What to work on: From the records below, set down exactly the lines starting with the line that contains "The blade is" and going on through the line that contains "The metal three". Nothing else is wanted.

Data for review:
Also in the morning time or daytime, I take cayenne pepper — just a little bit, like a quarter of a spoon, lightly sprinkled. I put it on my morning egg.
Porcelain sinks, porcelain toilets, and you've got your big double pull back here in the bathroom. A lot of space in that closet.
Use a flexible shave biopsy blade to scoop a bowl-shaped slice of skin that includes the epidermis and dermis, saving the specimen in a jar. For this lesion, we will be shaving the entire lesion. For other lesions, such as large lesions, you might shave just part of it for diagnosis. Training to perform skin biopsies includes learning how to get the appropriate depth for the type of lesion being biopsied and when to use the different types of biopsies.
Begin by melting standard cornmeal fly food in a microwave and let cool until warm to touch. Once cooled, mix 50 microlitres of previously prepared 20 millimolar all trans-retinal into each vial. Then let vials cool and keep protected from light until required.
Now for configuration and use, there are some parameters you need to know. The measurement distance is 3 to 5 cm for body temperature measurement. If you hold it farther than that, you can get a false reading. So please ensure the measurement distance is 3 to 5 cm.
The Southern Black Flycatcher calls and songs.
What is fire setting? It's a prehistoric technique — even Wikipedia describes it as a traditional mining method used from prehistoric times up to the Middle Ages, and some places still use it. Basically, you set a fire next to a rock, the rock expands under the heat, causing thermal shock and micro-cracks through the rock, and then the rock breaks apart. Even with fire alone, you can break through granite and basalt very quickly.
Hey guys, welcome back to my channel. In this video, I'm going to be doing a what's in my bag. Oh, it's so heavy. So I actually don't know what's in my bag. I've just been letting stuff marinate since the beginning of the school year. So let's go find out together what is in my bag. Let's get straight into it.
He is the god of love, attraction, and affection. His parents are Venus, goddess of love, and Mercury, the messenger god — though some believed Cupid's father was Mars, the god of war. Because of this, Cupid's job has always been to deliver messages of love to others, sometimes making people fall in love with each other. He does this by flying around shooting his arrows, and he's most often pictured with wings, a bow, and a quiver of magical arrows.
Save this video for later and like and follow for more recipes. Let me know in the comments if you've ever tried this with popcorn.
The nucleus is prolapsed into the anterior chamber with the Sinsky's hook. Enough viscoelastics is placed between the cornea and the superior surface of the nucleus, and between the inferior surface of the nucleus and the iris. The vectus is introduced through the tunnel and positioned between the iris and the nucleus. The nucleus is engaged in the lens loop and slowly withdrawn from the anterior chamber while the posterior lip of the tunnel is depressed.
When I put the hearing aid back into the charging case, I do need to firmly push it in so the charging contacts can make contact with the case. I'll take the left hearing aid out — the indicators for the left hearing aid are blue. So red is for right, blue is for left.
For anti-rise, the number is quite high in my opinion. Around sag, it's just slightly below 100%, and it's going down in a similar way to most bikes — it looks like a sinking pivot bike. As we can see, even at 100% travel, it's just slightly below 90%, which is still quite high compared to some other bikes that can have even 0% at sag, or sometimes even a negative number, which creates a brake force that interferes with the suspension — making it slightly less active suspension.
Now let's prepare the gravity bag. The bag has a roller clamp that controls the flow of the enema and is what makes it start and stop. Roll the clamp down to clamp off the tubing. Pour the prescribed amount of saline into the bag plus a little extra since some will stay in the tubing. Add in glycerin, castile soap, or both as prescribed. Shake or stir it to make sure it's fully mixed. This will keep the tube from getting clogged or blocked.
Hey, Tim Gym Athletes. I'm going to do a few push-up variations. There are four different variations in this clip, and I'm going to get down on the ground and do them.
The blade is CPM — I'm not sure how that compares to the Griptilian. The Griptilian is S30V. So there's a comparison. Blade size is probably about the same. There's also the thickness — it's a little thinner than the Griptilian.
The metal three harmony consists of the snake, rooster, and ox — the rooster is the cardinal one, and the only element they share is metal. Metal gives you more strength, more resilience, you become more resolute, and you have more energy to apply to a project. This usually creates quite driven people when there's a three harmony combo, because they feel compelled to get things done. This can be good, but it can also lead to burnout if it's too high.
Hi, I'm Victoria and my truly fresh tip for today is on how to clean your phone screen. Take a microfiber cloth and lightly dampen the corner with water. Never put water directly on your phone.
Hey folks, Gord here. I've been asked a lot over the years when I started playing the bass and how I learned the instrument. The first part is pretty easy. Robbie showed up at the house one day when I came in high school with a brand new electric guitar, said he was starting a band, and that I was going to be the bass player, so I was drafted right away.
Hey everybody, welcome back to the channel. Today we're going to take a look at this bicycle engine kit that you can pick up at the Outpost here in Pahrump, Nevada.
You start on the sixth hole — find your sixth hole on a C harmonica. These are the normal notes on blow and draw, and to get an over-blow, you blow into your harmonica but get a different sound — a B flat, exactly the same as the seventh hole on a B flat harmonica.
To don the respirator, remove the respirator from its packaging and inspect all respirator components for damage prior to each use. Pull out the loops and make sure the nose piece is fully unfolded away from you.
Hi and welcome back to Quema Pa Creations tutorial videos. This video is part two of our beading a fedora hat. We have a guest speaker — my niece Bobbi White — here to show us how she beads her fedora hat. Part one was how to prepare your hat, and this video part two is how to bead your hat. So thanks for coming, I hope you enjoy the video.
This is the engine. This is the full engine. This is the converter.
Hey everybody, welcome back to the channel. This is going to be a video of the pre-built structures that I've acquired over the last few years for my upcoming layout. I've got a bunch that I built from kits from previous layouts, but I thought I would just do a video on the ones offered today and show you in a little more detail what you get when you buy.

Solution to this task:
The blade is CPM — I'm not sure how that compares to the Griptilian. The Griptilian is S30V. So there's a comparison. Blade size is probably about the same. There's also the thickness — it's a little thinner than the Griptilian.
The metal three harmony consists of the snake, rooster, and ox — the rooster is the cardinal one, and the only element they share is metal. Metal gives you more strength, more resilience, you become more resolute, and you have more energy to apply to a project. This usually creates quite driven people when there's a three harmony combo, because they feel compelled to get things done. This can be good, but it can also lead to burnout if it's too high.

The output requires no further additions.